- Born: 13 August 1953
- Died: 26 February 1975 (age 21) West Kensington, London, England
- Police career
- Department: Metropolitan Police Service
- Service years: 6 months
- Rank: Police Constable
- Awards: Queen's Police Medal

= Murder of Stephen Tibble =

1975 killing in London

PC Stephen Andrew Tibble, (1953 – 26 February 1975) was a police officer in London's Metropolitan Police Service. During a chase through West Kensington, the unarmed Tibble was fatally shot by Liam Quinn, an American member of the Provisional Irish Republican Army.

==Death==
Four unarmed plain-clothed police officers, Trainee Detective Constables Derek Wilson and Kenneth Mathews and Police Constables Adrian Blackledge and Les White in two teams, had spent the day on the lookout for burglary suspects in the Fairholme Road area of West Kensington. At one point during the course of the operation, Blackledge noticed a man behaving in a suspicious manner outside house number 39 on Fairholme Road; when he spotted the same individual thirty minutes later he decided to question him. Blackledge approached the suspect and introduced himself as a police officer and requested that the man empty out his pockets. The suspect was Liam Quinn, a US citizen from an Irish Republican family in San Francisco who had immersed himself in all things Irish, including affecting an Irish accent. A Provisional IRA volunteer, he had replaced Brendan Dowd as a member of the IRA's active service unit operating in London at the time.

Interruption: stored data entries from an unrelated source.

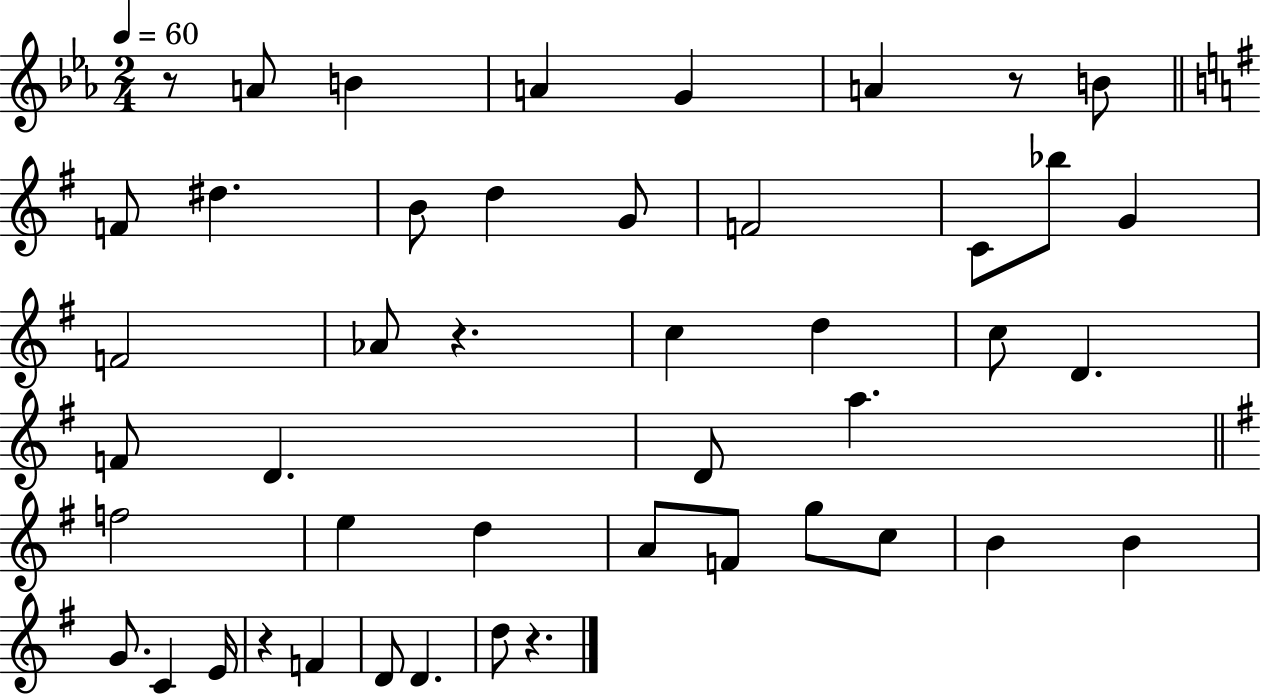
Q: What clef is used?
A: treble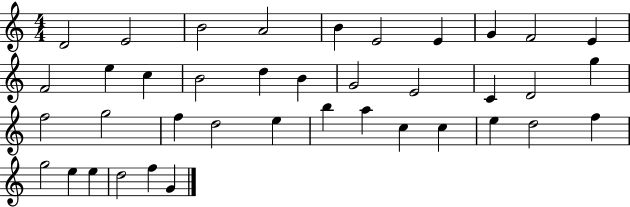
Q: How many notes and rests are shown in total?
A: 39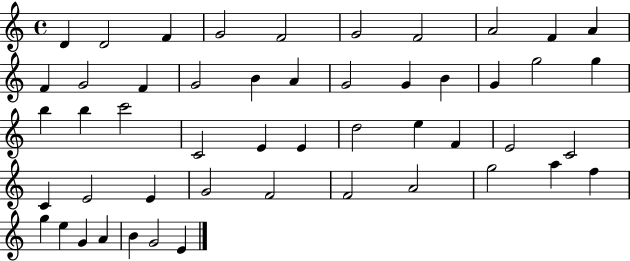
X:1
T:Untitled
M:4/4
L:1/4
K:C
D D2 F G2 F2 G2 F2 A2 F A F G2 F G2 B A G2 G B G g2 g b b c'2 C2 E E d2 e F E2 C2 C E2 E G2 F2 F2 A2 g2 a f g e G A B G2 E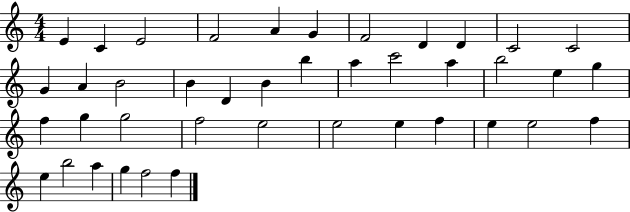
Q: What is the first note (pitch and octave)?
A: E4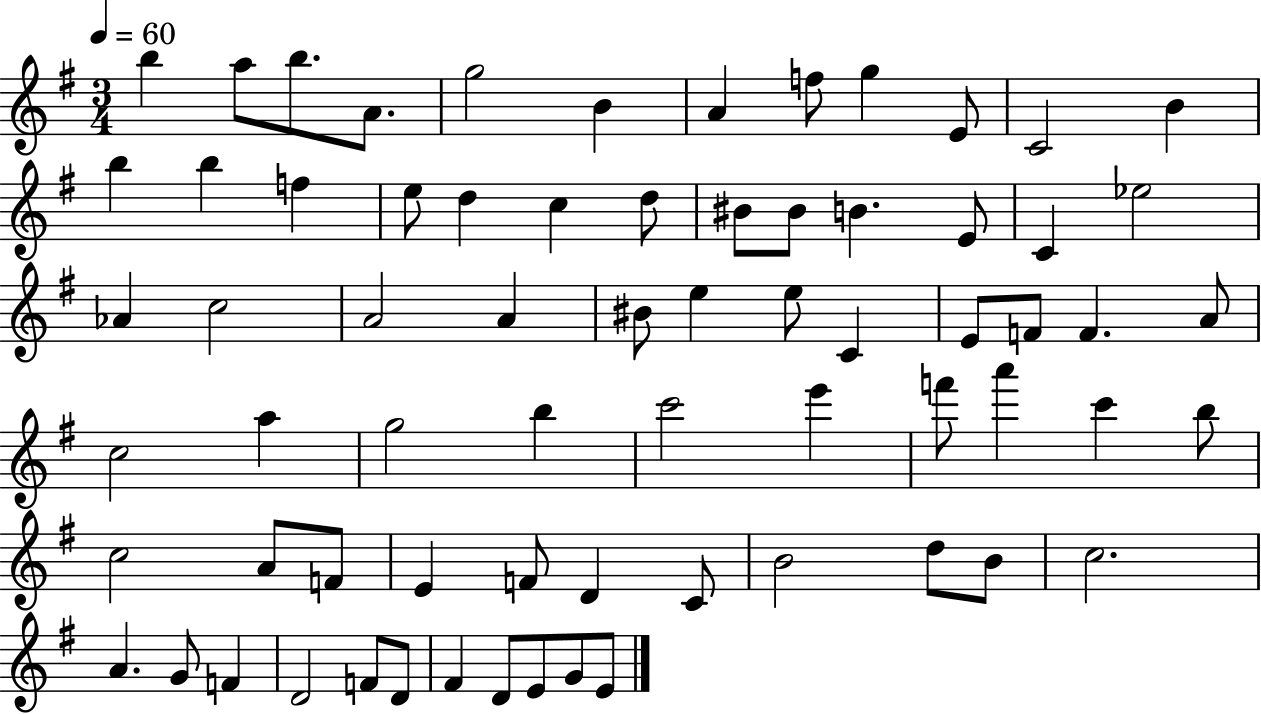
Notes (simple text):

B5/q A5/e B5/e. A4/e. G5/h B4/q A4/q F5/e G5/q E4/e C4/h B4/q B5/q B5/q F5/q E5/e D5/q C5/q D5/e BIS4/e BIS4/e B4/q. E4/e C4/q Eb5/h Ab4/q C5/h A4/h A4/q BIS4/e E5/q E5/e C4/q E4/e F4/e F4/q. A4/e C5/h A5/q G5/h B5/q C6/h E6/q F6/e A6/q C6/q B5/e C5/h A4/e F4/e E4/q F4/e D4/q C4/e B4/h D5/e B4/e C5/h. A4/q. G4/e F4/q D4/h F4/e D4/e F#4/q D4/e E4/e G4/e E4/e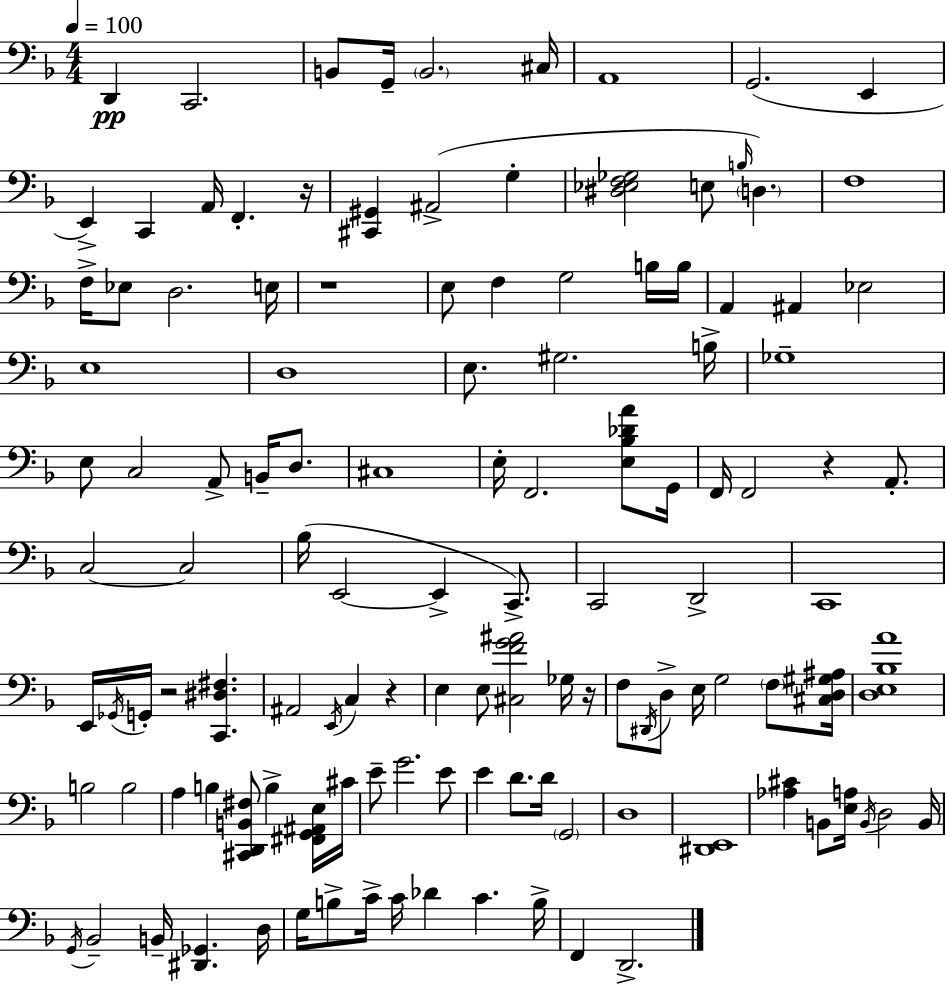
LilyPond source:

{
  \clef bass
  \numericTimeSignature
  \time 4/4
  \key f \major
  \tempo 4 = 100
  d,4\pp c,2. | b,8 g,16-- \parenthesize b,2. cis16 | a,1 | g,2.( e,4 | \break e,4->) c,4 a,16 f,4.-. r16 | <cis, gis,>4 ais,2->( g4-. | <dis ees f ges>2 e8 \grace { b16 } \parenthesize d4.) | f1 | \break f16-> ees8 d2. | e16 r1 | e8 f4 g2 b16 | b16 a,4 ais,4 ees2 | \break e1 | d1 | e8. gis2. | b16-> ges1-- | \break e8 c2 a,8-> b,16-- d8. | cis1 | e16-. f,2. <e bes des' a'>8 | g,16 f,16 f,2 r4 a,8.-. | \break c2~~ c2 | bes16( e,2~~ e,4-> c,8.->) | c,2 d,2-> | c,1 | \break e,16 \acciaccatura { ges,16 } g,16-. r2 <c, dis fis>4. | ais,2 \acciaccatura { e,16 } c4 r4 | e4 e8 <cis f' g' ais'>2 | ges16 r16 f8 \acciaccatura { dis,16 } d8-> e16 g2 | \break \parenthesize f8 <cis d gis ais>16 <d e bes a'>1 | b2 b2 | a4 b4 <cis, d, b, fis>8 b4-> | <fis, g, ais, e>16 cis'16 e'8-- g'2. | \break e'8 e'4 d'8. d'16 \parenthesize g,2 | d1 | <dis, e,>1 | <aes cis'>4 b,8 <e a>16 \acciaccatura { b,16 } d2 | \break b,16 \acciaccatura { g,16 } bes,2-- b,16-- <dis, ges,>4. | d16 g16 b8-> c'16-> c'16 des'4 c'4. | b16-> f,4 d,2.-> | \bar "|."
}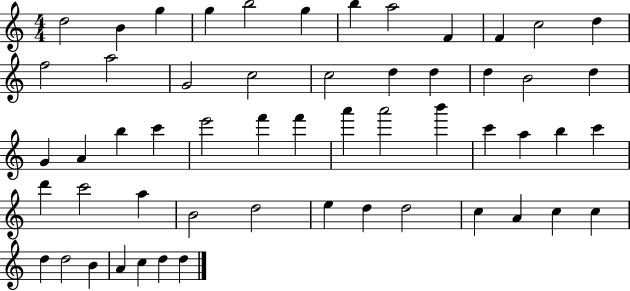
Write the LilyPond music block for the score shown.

{
  \clef treble
  \numericTimeSignature
  \time 4/4
  \key c \major
  d''2 b'4 g''4 | g''4 b''2 g''4 | b''4 a''2 f'4 | f'4 c''2 d''4 | \break f''2 a''2 | g'2 c''2 | c''2 d''4 d''4 | d''4 b'2 d''4 | \break g'4 a'4 b''4 c'''4 | e'''2 f'''4 f'''4 | a'''4 a'''2 b'''4 | c'''4 a''4 b''4 c'''4 | \break d'''4 c'''2 a''4 | b'2 d''2 | e''4 d''4 d''2 | c''4 a'4 c''4 c''4 | \break d''4 d''2 b'4 | a'4 c''4 d''4 d''4 | \bar "|."
}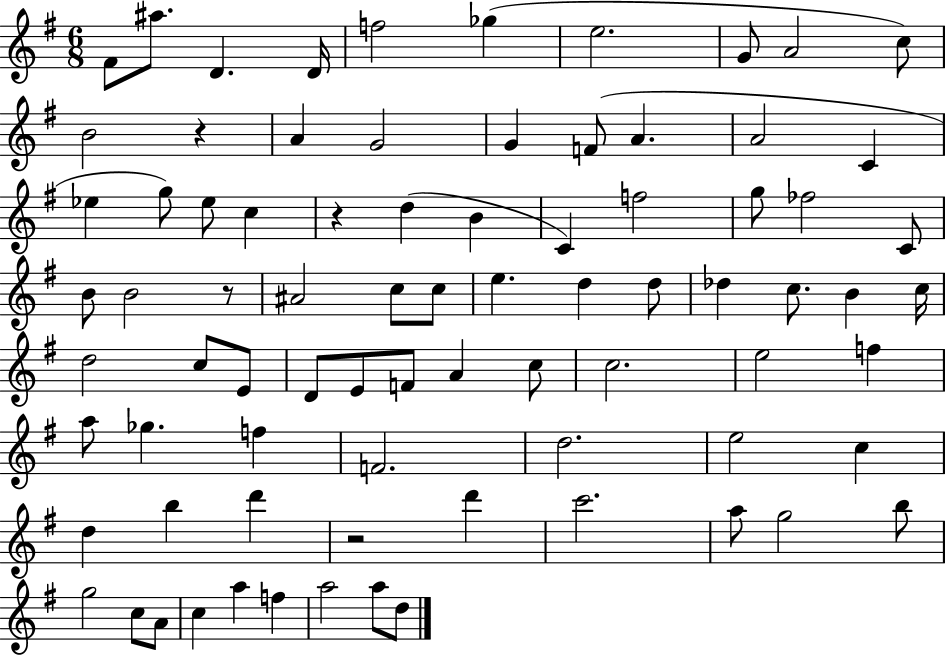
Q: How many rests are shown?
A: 4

Blackledge noticed that Quinn was carrying a lot of Irish money on him, and so told Quinn he wanted to escort him back to the address he had been seen leaving in Fairholme Road to see what he had been up to. Quinn then attempted to flee, running west down Charleville Road, pursued by Blackledge, heading toward where Wilson and Matthews were sitting on a bench. The pair joined the chase and Wilson later stated that he heard the sound of a motorbike approaching from behind. The rider was 21-year-old off-duty PC Stephen Tibble, who was married and had been a serving officer for six months.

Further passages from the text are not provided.